Innovation Keeps Silicon On Top
Lux Research forecasts novel circuit design, and more, will sustain silicon's mammoth market share and stunt compound semiconductor growth. Rebecca Pool reports.
Partnerships along the supply chain are proving instrumental to silicon's enduring success [AT&S]
As wide bandgap materials, including SiC and GaN, make inroads to power electronics applications, silicon will hold onto its lion-share of the market, at least for the next decade, report US-based Lux Research analysts.
Thanks to innovations in circuit design, control, as well as module packaging, silicon-based power electronics will sustain a mighty 87% market share - worth some $20 billion - of the power electronics market in 2024.
"In reality silicon is reaching its theoretical limits of performance but through innovations, companies can eke out efficiency improvements, making [silicon-based power electronics] good enough for now," highlights Lux Research analyst, Pallavi Madakasira.

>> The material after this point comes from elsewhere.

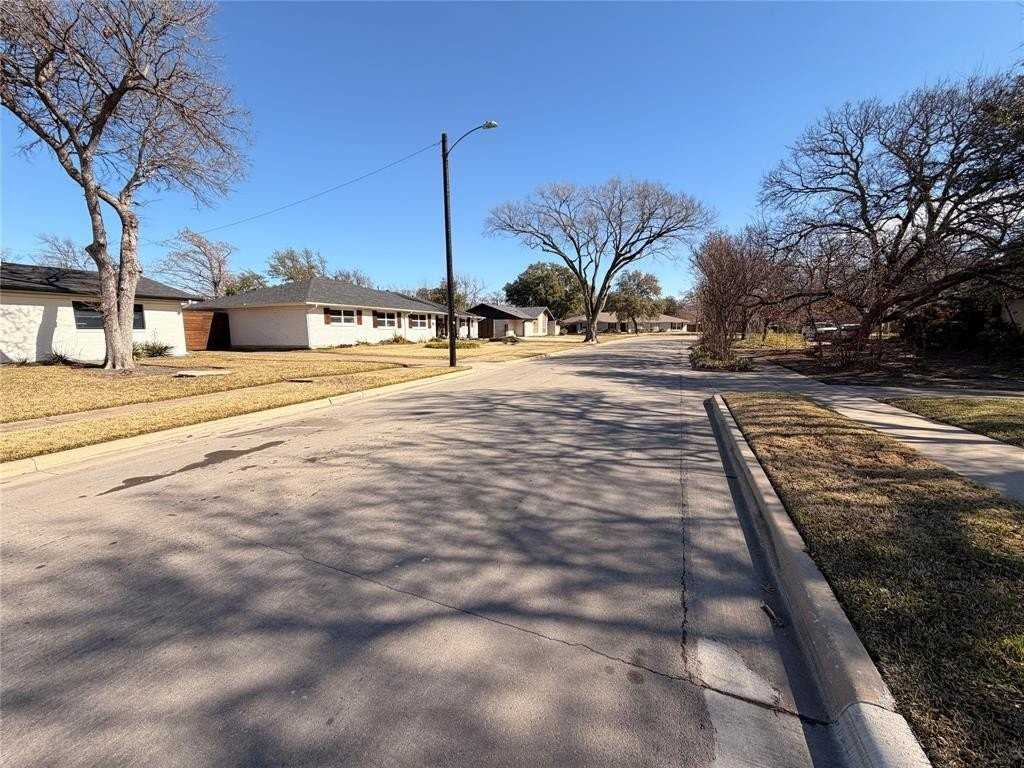 3414 Winged Foot Ct - Photo 6 of 40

"What this really means is that for most applications, if not all, we are going to see delayed adoption of GaN and SiC in contrast to what [compound semiconductor] players would have hoped for," she adds.
Research from Madakasira and colleague, Tiffany Huang, reveals that innovations in circuit design will have, by far, the biggest impact on the efficiency of silicon-based devices.
According to Huang, many start ups, including Ambiq Micro, US, and India-based Ineda, have pioneered integrated circuits that dramatically reduce power consumption in today's silicon chips, in some cases, by almost a factor of ten.
At the same time, established players, such as Texas Instruments, Qualcomm and Maxim Integrated, are working on ultra low power circuit design. And as Huang adds: "All these circuits also promise a small form factor which is good news for Internet of Things applications, as well as mobile devices."
Innovations in control methods are also set to keep silicon semiconductors alive for longer by boosting chip efficiencies and reducing the footprint of chips in power modules.
Huang highlights how myriad US-based industry newcomers, including Cirasys, GridCo and FINsix as well as the likes of ABB, Dialog and Omron, are developing a vast array of advanced control methods for power conversion applications.
For example, University of Texas at Dallas spin-out, Cirasys, uses envelope tracking to optimise power supply voltages and boost silicon chip efficiencies.
Meanwhile MIT graduate-founded, FinSIX, is pioneering power converters that switch at extremely high frequencies to reduce chip footprint and slash switch mode power supply sizes.
Lux Research analysts reviewed ongoing innovations in silicon technology and ranked leading companies on the basis of technical and business execution.
Lastly, electronics manufacturing heavyweights, such as Bosch, Schneider Electric and AT&S are also busy splashing cash and forging partnerships to drive module packaging forward.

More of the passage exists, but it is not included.